Nel Medioevo le associazioni mercantili astigiane, Societas mercandie e Societas Mercatorum de Ast tenevano le redini della città: i mercanti astigiani in patria esercitavano un'influenza determinante sulla vita politica, all'estero praticavano il commercio al minuto e intessevano relazioni d’affari con ministri, principi e con i sovrani in ogni parte d’Europa. Svolsero la loro attività in tutto il bacino del Mediterraneo, facendo del porto di Genova la loro base operativa. Qui giungevano dall'Oriente pietre preziose, seta, cotone, droghe, oppio, pepe, incenso, profumi, zucchero, zafferano, cannella, aloe, cassia, mirra, canfora, brasile indispensabile per tingere i panni, allume per fissarne il colore e anche qualche schiavo: le merci venivano poi vendute sulle piazze del nord Europa.

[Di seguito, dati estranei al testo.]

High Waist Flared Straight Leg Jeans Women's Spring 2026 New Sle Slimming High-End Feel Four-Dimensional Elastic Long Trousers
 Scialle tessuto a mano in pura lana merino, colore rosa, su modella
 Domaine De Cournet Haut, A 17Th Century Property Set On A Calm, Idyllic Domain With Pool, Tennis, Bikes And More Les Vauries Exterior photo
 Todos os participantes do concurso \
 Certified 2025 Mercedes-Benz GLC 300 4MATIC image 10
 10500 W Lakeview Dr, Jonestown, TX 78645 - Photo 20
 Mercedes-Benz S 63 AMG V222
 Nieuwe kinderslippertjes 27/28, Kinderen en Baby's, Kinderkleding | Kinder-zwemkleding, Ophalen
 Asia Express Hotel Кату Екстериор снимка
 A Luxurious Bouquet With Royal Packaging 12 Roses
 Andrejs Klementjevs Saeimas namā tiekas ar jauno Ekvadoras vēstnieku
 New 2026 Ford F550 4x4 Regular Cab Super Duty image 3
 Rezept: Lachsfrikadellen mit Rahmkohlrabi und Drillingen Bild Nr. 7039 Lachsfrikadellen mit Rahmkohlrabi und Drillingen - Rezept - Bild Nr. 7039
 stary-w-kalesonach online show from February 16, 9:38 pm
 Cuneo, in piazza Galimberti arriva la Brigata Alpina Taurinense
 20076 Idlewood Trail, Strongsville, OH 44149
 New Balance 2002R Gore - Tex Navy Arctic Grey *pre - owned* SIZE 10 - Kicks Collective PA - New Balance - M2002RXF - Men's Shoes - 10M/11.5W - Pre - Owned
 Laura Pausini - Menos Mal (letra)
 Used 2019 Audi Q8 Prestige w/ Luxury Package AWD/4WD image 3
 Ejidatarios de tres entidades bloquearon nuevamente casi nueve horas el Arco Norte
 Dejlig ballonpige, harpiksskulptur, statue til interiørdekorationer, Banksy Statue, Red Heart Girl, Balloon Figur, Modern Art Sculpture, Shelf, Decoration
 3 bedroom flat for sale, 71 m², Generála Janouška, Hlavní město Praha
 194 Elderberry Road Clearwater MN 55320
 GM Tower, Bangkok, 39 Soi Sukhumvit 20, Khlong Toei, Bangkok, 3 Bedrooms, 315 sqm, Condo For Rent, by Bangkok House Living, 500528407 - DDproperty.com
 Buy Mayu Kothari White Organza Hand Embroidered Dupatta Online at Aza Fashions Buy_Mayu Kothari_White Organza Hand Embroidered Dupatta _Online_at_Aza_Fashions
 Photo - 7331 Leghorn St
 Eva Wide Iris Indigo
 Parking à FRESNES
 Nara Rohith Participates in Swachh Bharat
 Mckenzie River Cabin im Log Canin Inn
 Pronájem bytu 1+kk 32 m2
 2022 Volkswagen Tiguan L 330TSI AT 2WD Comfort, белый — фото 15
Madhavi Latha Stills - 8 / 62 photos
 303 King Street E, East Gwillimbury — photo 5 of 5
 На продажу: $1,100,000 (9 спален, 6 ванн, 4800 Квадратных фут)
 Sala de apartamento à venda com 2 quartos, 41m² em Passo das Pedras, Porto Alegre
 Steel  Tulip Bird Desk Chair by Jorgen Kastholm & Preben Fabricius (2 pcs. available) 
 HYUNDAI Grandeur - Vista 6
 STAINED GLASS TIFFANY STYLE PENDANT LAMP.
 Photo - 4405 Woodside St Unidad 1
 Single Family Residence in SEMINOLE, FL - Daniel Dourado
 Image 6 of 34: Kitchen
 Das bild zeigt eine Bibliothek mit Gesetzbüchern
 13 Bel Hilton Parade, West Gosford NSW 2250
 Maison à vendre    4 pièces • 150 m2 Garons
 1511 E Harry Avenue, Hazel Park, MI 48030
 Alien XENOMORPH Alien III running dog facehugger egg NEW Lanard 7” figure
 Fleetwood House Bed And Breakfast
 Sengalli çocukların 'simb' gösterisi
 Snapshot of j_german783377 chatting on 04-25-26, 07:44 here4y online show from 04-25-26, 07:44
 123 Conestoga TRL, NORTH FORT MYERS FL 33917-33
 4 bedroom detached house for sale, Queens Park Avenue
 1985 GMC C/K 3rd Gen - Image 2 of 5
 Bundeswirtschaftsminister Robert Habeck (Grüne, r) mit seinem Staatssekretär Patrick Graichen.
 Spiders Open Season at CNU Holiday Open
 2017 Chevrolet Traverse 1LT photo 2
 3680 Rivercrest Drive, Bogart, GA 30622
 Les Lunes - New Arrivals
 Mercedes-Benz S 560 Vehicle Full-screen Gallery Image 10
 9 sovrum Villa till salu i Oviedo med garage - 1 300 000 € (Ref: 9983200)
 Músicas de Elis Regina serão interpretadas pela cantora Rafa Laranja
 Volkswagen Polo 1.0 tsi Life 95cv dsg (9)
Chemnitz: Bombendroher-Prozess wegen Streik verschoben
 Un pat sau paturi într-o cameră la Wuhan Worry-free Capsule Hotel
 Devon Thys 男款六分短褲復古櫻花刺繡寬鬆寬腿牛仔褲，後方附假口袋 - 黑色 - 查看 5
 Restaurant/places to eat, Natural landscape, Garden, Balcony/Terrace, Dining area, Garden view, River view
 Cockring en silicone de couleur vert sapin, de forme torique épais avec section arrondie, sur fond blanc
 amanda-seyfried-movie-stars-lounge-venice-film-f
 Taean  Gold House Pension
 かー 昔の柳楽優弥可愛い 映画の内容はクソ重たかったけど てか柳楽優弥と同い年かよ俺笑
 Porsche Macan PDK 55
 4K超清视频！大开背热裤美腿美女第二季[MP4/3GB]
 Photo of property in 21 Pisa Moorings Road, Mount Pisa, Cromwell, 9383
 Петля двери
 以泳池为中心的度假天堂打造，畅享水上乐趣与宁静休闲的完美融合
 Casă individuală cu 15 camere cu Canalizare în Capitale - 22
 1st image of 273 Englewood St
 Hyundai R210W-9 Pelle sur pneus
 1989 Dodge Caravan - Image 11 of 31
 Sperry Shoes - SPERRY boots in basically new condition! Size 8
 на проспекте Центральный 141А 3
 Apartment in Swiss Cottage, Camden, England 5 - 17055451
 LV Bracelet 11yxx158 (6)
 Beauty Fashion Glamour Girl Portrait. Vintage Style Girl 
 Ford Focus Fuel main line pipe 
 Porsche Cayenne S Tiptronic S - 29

Gli Astigiani si occupavano del commercio delle materie prime e delle merci confezionate, di ciò che serve ad ornarsi e ad armarsi, a nutrirsi e a vestirsi, specialmente delle tele di canapa e dei panni di lana, che importavano grezzi ed esportavano a torselli, lavorati e tinti, triplicando i prezzi. In città erano numerosi gli artigiani, che possedevano telai a due licci, maestri nell’intrecciare, ordire e formare l’invergatura. Gli Statuti stabilivano che il podestà entro un mese dall'inizio dell'incarico dovesse eleggere quattro inquisitori (due fabbricanti e due mercanti) con il compito di investigare se i panni erano prodotti a regola d’arte, “sicut debent fieri”. I quattro inquisitori, nel formulare eventuali denunzie, dovevano essere concordi almeno in due: “duo ad minus insimul in concordia”.
Un’altra attività redditizia era costituita dal commercio del vino delle nostre colline. Più remunerativa era la vendita delle pellicce: nel vasto dominio astese erano ancora numerose le foreste e quindi non mancavano gli animali da pelliccia. Un decreto di Gian Galeazzo Visconti, conte di Virtù e signore di Asti, emesso il primo aprile 1386, lamentava che animali selvatici aggredissero le persone e assicurava 50 soldi a chiunque avesse presentato una pelle di lupo “cum omnibus quattuor pedibus” e 10 soldi per ogni pelle di volpe.